All of us, to a greater or lesser degree, feel we should be able to control the universe and we become despondent when those feelings are not born out. It is almost beyond our capability to grasp life's most important paradox - that suffering and gratitude can co-exist. "We demand too much of life, too little of ourselves," Lasch wrote.

Personal maturity involves the acceptance of limits. Moral limits and limits to our material possession, for sure. But more deeply, limits to the self. We are not and cannot be self-sufficient. There is something greater than us which requires our devoted attention.

On this basis, some might conclude that the solution is to get everybody back to church on Sunday. That's too facile. The U.S. has the highest level of church attendance in the Western world as well as the highest level of violence.

More basically, our culture has sold us a bill of goods. We are told repeatedly - especially through the media - that we can and should have it all. Our sense of omnipotence - which used to be tempered by shorter life expectancy and a lower standard of living, even if the parents didn't impose moral discipline - today sometimes meets little resistance early in life.

Further, the medium of TV itself - irrespective of its banal content - restricts a person's ability to develop an interior life where one can engage in conversation with oneself (or with God). Simply put, watch too much TV and you'll be an empty person.
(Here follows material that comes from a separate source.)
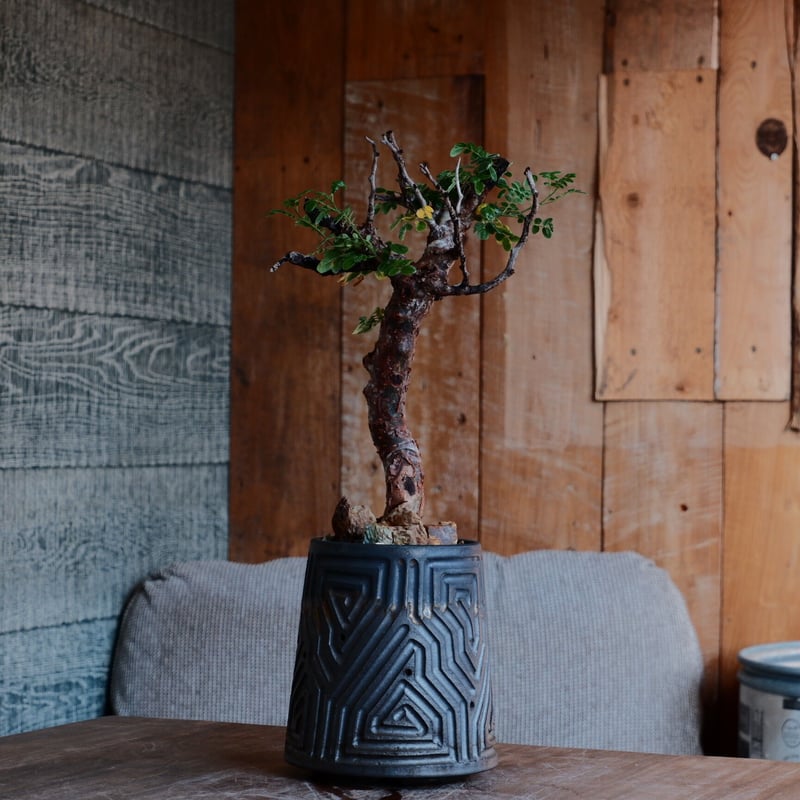 コミフォラ モンストローサ［No.43］ × 根本峻吾 作 S.N POT type.ta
Combine the two - omnipotence and emptiness - in the already confusing period of adolescence and you have a recipe for disaster.

The healing of this disease is a massive project and an essentially spiritual one. Healing can be found only by a personal and societal response to the Transcendent - a recognizing that we are creatures and that only God is omnipotent. For each person, this is a massive project, the work of a lifetime. For a society, it is a task beyond comprehension. Our hope lies in the fact that with God all things are possible.